Counterpoint: Smaller Health Systems Carry Less Risk
The rush into consolidation that swept the health care industry in advance of the Affordable Care Act's implementation is understandable.
Specialty practices anticipating more fearsome regulation have sought the protective legal eaves of larger health care organizations. Health systems eager to brand themselves as best in class Accountable Care Organizations have happily acquired smaller groups.
But with larger size comes more risk. The ACA will bring tens of millions of patients -- patients with scanty medical histories in some cases -- into the health care system. There is going to be a tremendous amount of rub as these new patients become acquainted with better and more frequent health care, and as health care providers in turn learn to effectively treat these new patients.
High incidence of obesity and diabetes in this undertreated segment of the population will create new risks for hospitals.
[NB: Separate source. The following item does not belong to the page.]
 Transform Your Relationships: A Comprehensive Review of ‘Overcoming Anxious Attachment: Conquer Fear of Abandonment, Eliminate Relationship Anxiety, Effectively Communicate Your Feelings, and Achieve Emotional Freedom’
The annual national health care cost connected to diabetes is currently running around $245 billion. Existing transportation and other facilities may be inadequate for heavier patients.
At the same time, with its emphasis on health care outreach and preventive care, the Affordable Care Act will undoubtedly result in lower in-patient revenue for hospitals, at a time when they can least afford such a revenue hit.
More doctors treating more patients under one risk management umbrella also means a concentration of medical malpractice risk. In 2011 alone, there were 90 health care acquisitions with a total value of some $10 billion.
Hospital administrators will be hard-pressed to know, going in, whether the performance standards of the acquired physicians are in line with those of the larger health organization.
Communication breakdowns in hospitals can have disastrous consequences. Isn't it highly likely that as one health care culture merges with another that communication breakdowns will follow?
Larger numbers of smaller health care provider organizations bifurcate the risk, instead of aggregating it. More facile care coordination in the smaller organizations mean better quality of care, fewer mistakes and fewer risk exposures.
Remember the good old days when your family doctor, whom you had known all of your life, came to your front door to treat you?
This is not an exercise in blind nostalgia. Where health care risk is concerned, those were the good old days.